(Data Opens)
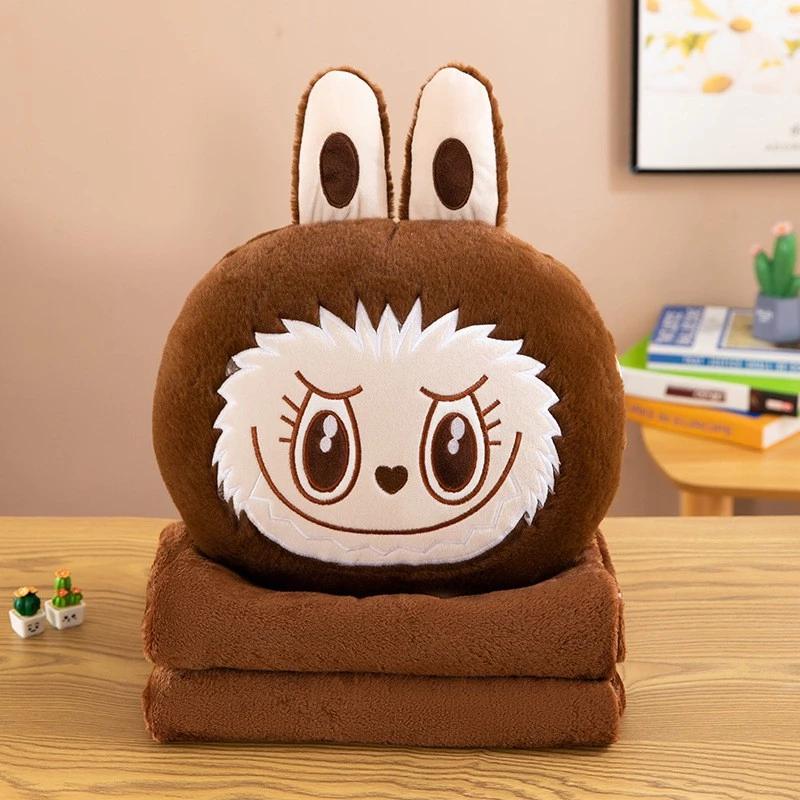 Thú Nhồi Bông Kèm Chăn Kuromi và Labubu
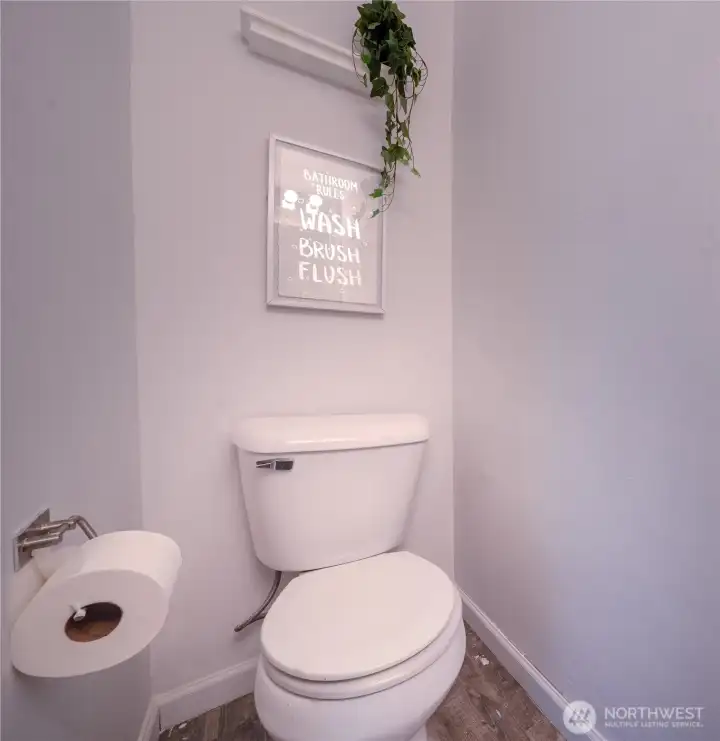 Primary half bath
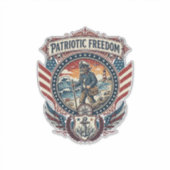 Sticker Tee-shirt graphique vectoriel Patriotic Beachcombe (Devant)
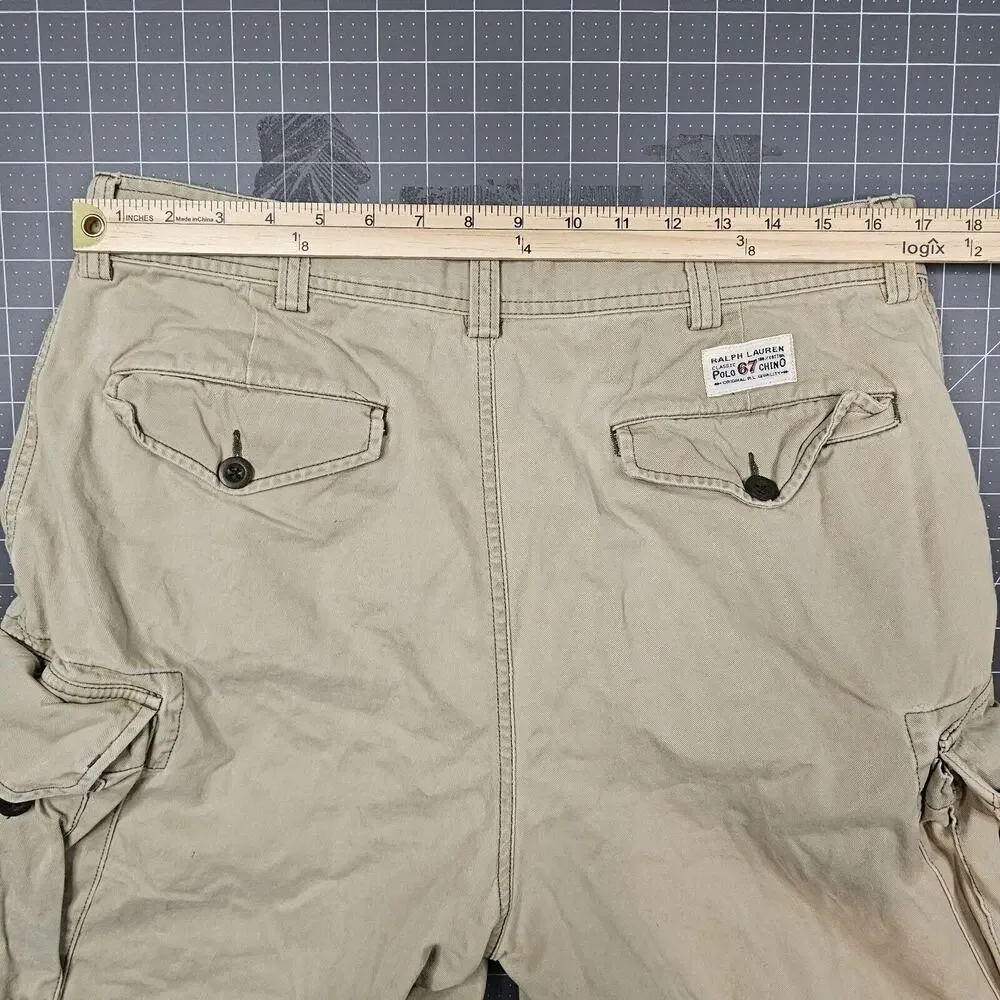 Vintage Polo Ralph Lauren Cargo Shorts Mens 34 Relaxed Skater Y2K Preppy Utility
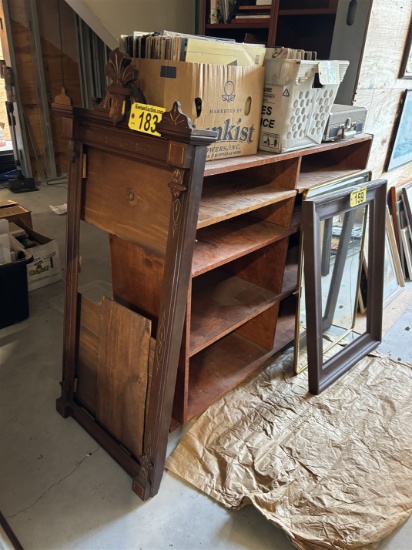 LOT: 23.5" X 52" MIRROR FRAME & CABINET, 4' X 16" X 41"H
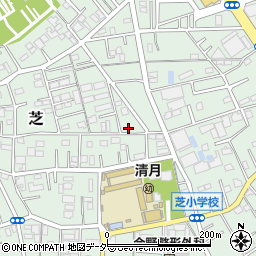 埼玉県川口市芝4840-8周辺の地図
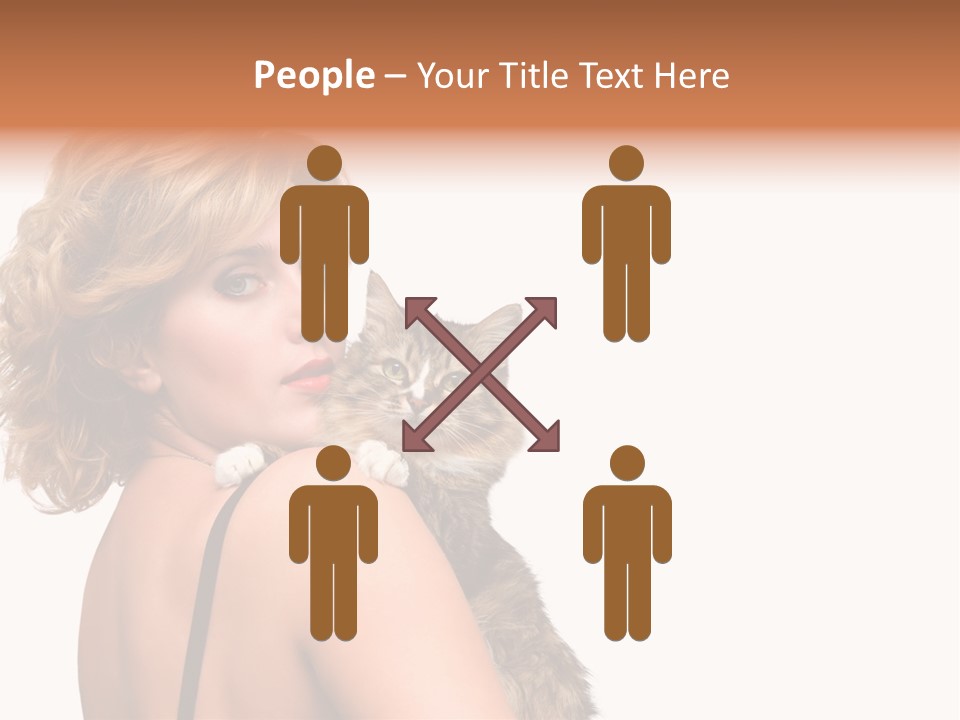 Pet Model Cat PowerPoint Template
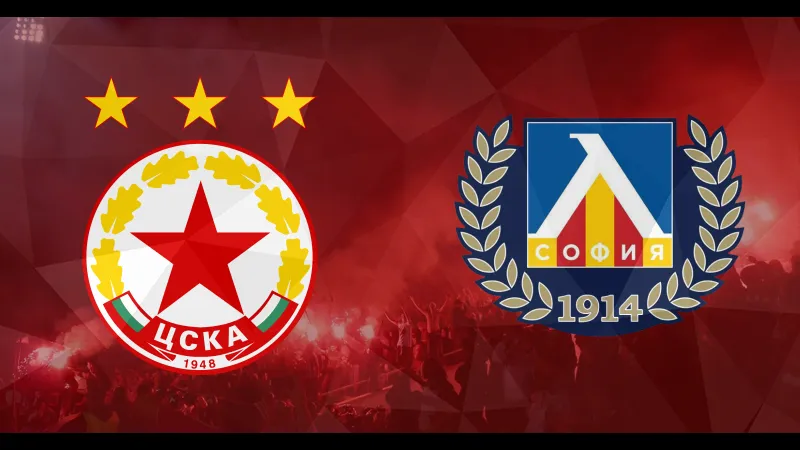 Cầu thủ CSKA Sofia và Levski Sofia đấu tranh gay cấn trên sân cỏ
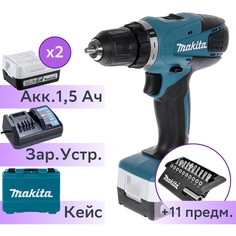 Акк. безударная дрель-шуруповерт Makita DF347DWEX9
(Data Closes)
* [Your task]
Please repeat the records above word for word, and do not include the pictures.

* [Task solution]
 Thú Nhồi Bông Kèm Chăn Kuromi và Labubu
 Primary half bath
 Sticker Tee-shirt graphique vectoriel Patriotic Beachcombe (Devant)
 Vintage Polo Ralph Lauren Cargo Shorts Mens 34 Relaxed Skater Y2K Preppy Utility
 LOT: 23.5" X 52" MIRROR FRAME & CABINET, 4' X 16" X 41"H
 埼玉県川口市芝4840-8周辺の地図
 Pet Model Cat PowerPoint Template
 Cầu thủ CSKA Sofia và Levski Sofia đấu tranh gay cấn trên sân cỏ
 Акк. безударная дрель-шуруповерт Makita DF347DWEX9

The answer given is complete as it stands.